Trois questions à Claude Julien

Claude julien, directrice de la Clinique Notre-Dame d’Espérance à Perpignan (66), groupe Médipôle Sud Santé

Récemment quelle est votre plus belle réussite?
Pour moi, chaque projet qui aboutit est une belle expérience, une certification réussie, l’ouverture d’un nouveau service, une nouvelle spécialité, la formation continue, etc… mais je suis tout particulièrement fière de l’évolution qu’a connue notre pôle mère-enfant ces deux dernières années. Les conditions de vie modernes, font que les jeunes familles, et en particulier les jeunes mamans, sont de plus en plus isolées et bénéficient moins de l’aide de la famille au sens large du terme. Nos professionnels de la périnatalité que sont les obstétriciens, les sages-femmes, les IDE Puér., les Auxi. Puér., la psychologue, l’ostéopathe, l’assistante sociale proposent aux quelque 2000 familles que nous accueillons chaque année un accompagnement précoce, personnalisé, déstressant et généreux qui répond à toutes les attentes des futurs parents et favorise ainsi l’installation du lien mère/père-enfant. Dans cette optique, nous avons crée une « salle nature » pour répondre à la demande des mamans désirant accoucher selon un autre mode de prise en charge qui respecte la physiologie tout en maintenant un niveau de sécurité identique. C’est un lieu en apparence démédicalisé, dans un environnement confortable et une ambiance sereine qui fait plutôt penser à un endroit de villégiature. 
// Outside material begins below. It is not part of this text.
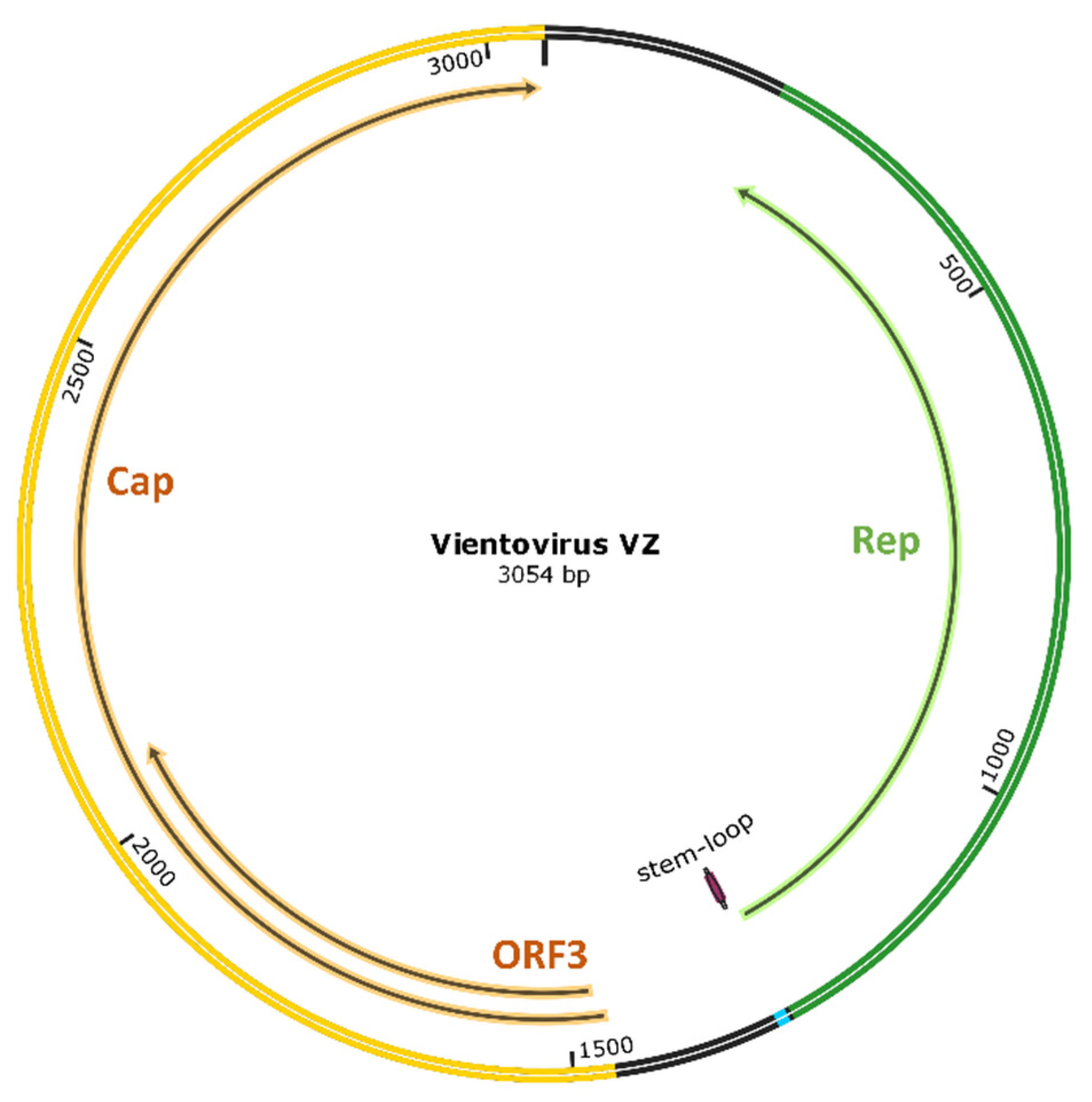 Viruses 13 00533 g001 Viruses 13 00533 g001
Quel est votre échec le plus cuisant?
Je fais ce métier depuis 25 ans et chaque année qui passe est un challenge, où le risque de faire des erreurs n’est pas exclu. Je me souviens d’une visite d’accréditation en 2005 qui s’est très mal passée. Les 3 experts visiteurs, déjà contrariés en arrivant, avaient passé la clinique à la loupe pendant 4 jours, déstabilisant et poussant à l’extrême l’ensemble des équipes en ne montrant du doigt que des points de détail. L’effet préjudiciable d’une telle expérience a duré quelque temps et nous avons ensuite désigné un référent qualité qui a beaucoup œuvré à ce que les équipes reprennent leur démarche qualité dans un climat plus favorable. Nous avons d’ailleurs été félicités lors de notre dernière accréditation pour notre travail en amont et en aval pour la prise en charge de nos patients en ambulatoire, comme quoi un échec un jour est transformable en réussite le lendemain.

Quelle est la question d’actualité qui vous interpelle?

Là aussi, les problèmes se répètent depuis 25 ans : les questions sociales, les problèmes de recrutement des personnels médicaux et para-médicaux que rencontrent surtout les établissements de taille moyenne, les tarifs, etc…Plus récemment, je me suis insurgée contre les maisons de naissance car c’est à mon sens un vrai retour en arrière. Il est vrai que la demande d’accouchements moins ou non-médicalisés grandit mais reste tout de même à la marge. Je pense que les cliniques privées doivent faire preuve d’audace et d’inventivité, ouvrir leur porte aux sages-femmes libérales, leur permettre de choisir leur mode et temps de travail. C’est ce que nous faisons et les retours sont positifs.